Motor premiums set to rise

Motor premiums set to rise
PHOTO: The Straits Times

SINGAPORE - Bad news ahead for motorists.

After two years of sliding premiums, they may soon have to start forking out more for car insurance as insurers feel the impact of higher costs and lower earnings from intense competition which forced rates down.

An agency owner said: "The trend is clear. Premiums for car insurance are starting to bottom out as more motor insurers face losses."

He said these insurers are finding it difficult to manage costs because of the sustained undercutting sparked by the industry's stellar results in 2014. That year, the motor business posted a record S$149.5 million in underwriting profit. This attracted some smaller insurers into the market, resulting in stiff competition.

Motorists were the biggest winners as motor premiums slid by up to 20 per cent last year.

All this could change very soon.

AXA, Singapore's second largest motor insurer, has raised its premium for a 32-year-old male working in a bank and owning a year-old Toyota Corolla Altis with zero no-claims discount.

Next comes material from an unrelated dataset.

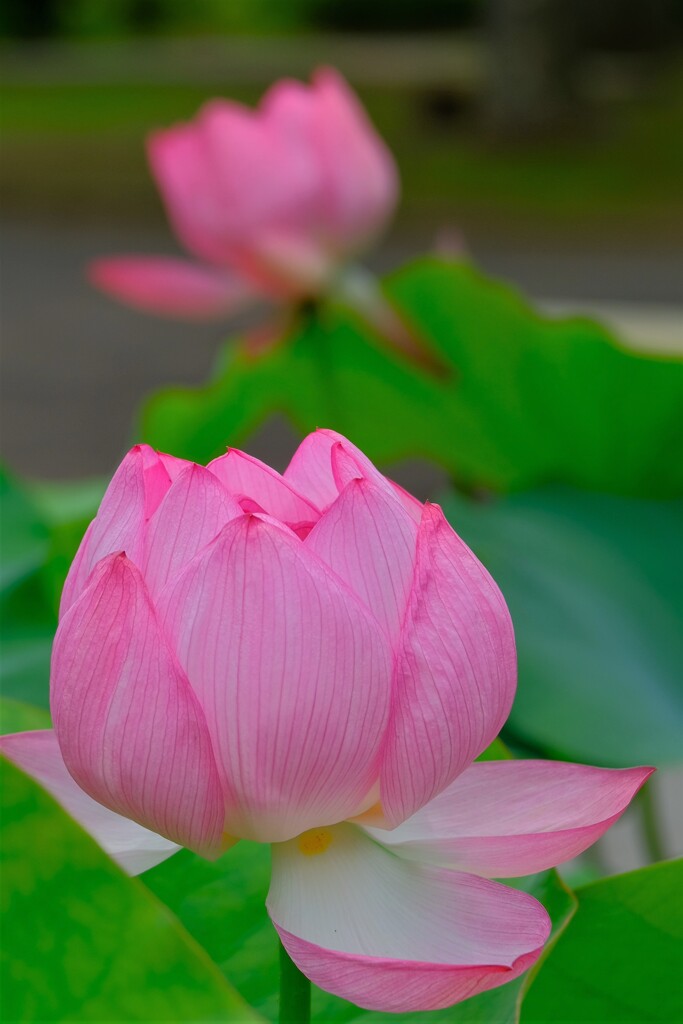 散歩の途中で。Ⅳ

Coverage for him will now cost S$1,867, up 3.8 per cent from a year ago.

For AIG, the No. 3 motor insurer, it is now S$3,255, up about 3.86 per cent from its 2015 premium of S$3,135.

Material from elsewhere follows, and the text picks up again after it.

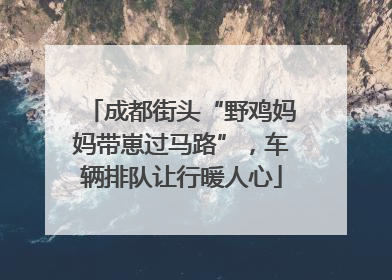 成都街头“野鸡妈妈带崽过马路”，车辆排队让行暖人心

Using AIG's basic plan, AutoValue, and the same profile, the motor insurance premium is S$2,588 for 2015 and S$2,687 for 2016, an increase of 3.8 per cent.

Only market leader NTUC Income's premium remains unchanged at S$1,502. NTUC Income increased its market share of motor by 1.5 percentage points to 20.5 per cent in 2015.

Its gross written premiums rose 3.3 per cent to S$234.4 million, despite the total market size for motor falling 4.4 per cent to S$1.141 billion amid stronger competition and a smaller vehicle population.

Pui Phusangmook, NTUC Income's executive vice-president and general manager for general insurance and health, said the insurer's competitive premium has attracted new customers. "We recruited new intermediaries and worked closely with existing ones to grow the motor business," he said, adding that customer benefits such as Orange Force, its accident-response team on motorbikes, and its own one-stop claim service centre, have given Income an edge.

AXA's motor portfolio also grew in 2015, with market share up 0.8 percentage points to 17.3 per cent. Its gross written premiums rose 0.5 per cent to S$197.5 million.

An AXA Insurance Singapore spokesman attributed this growth to the ability "to reach out to growing consumers' needs" with competitively priced and customisable motor insurance products.

Only AIG reported a smaller market share of 15.8 per cent, down 0.3 percentage points.

Its gross written premiums were unavailable.

Manik Bucha, its head of auto, said the reduced market share was "mainly due to a fall in the private passenger vehicle population in Singapore, which forms the majority of our car insurance portfolio".

Singapore's total vehicle population at end-2015 was 957,246, down 1.5 per cent from 972,037 in end-2014.

Together though, the strength and reach of the Big 3 meant that they increased their combined motor market share by two percentage points to 53.6 per cent in 2015.

Amendent: In the above story, we reported that AIG's 2016 premiums rose 30.9 per cent from a year ago. AIG has clarified that based on the profile of a single 32-year-old male working in banking (management) with five years' driving experience, who owns a one-year-old Altis and has zero No Claim Discount, the 2016 motor insurance premium for its AutoPlus plan is S$3,255. This is an increase of about 3.86 per cent from the 2015 premium of S$3,135.

Using AIG's basic plan, AutoValue, and the same profile, the motor insurance premium is S$2,588 for 2015 and S$2,687 for 2016, an increase of 3.8 per cent.